Solana ETFs may face delays until 2026 due to SEC lawsuits

Solana exchange-traded funds (ETFs) may not debut in the United States until 2026, according to James Seyffart, a Bloomberg Intelligence analyst.
Despite the promise of a more crypto-friendly regulatory environment under the incoming Trump administration, ongoing lawsuits and the Securities and Exchange Commission’s (SEC) cautious review process could prolong approvals, according to Cointelegraph.
Seyffart, speaking with Blockworks, pointed out that the SEC’s Division of Enforcement classifies Solana (SOL) as a security, creating roadblocks for other divisions to assess its viability for an ETF. The agency’s history of taking 240–260 days to review ETF filings further complicates the timeline.
Legal and Regulatory Challenges Persist
Solana is among several cryptocurrencies caught in the crosshairs of the SEC, which has aggressively pursued regulatory actions under President Joe Biden’s administration. The lawsuits against crypto exchanges for listing SOL as an unregistered security have left ETF issuers in a bind, Seyffart explained.

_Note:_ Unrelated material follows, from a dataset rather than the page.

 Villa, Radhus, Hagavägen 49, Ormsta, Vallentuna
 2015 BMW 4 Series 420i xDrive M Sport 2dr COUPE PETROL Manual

Although President-elect Donald Trump has pledged to make the U.S. the “world’s crypto capital” and plans to appoint industry-friendly regulators, Seyffart believes the procedural and legal barriers could stretch the timeline into 2026.
In 2024, the SEC approved spot Bitcoin and Ether ETFs but left altcoin ETFs, including those for Solana, in regulatory limbo. Filings for SOL ETFs, along with applications for index funds holding diverse cryptocurrencies, have yet to be acknowledged by the agency.
Not all experts agree with Seyffart’s assessment. Matthew Sigel, VanEck’s head of digital asset research, expressed confidence in November that a SOL ETF could be approved before the end of 2025. However, the path forward remains uncertain as the SEC’s stance on Solana continues to evolve.
JPMorgan Managing Director Nikolaos Panigirtzoglou has been skeptical about short-term ETF approvals for Solana, XRP, and other cryptocurrencies. However, a leadership change at the SEC under Trump could pave the way, with Solana and XRP-based ETFs potentially attracting $14 billion in their first year.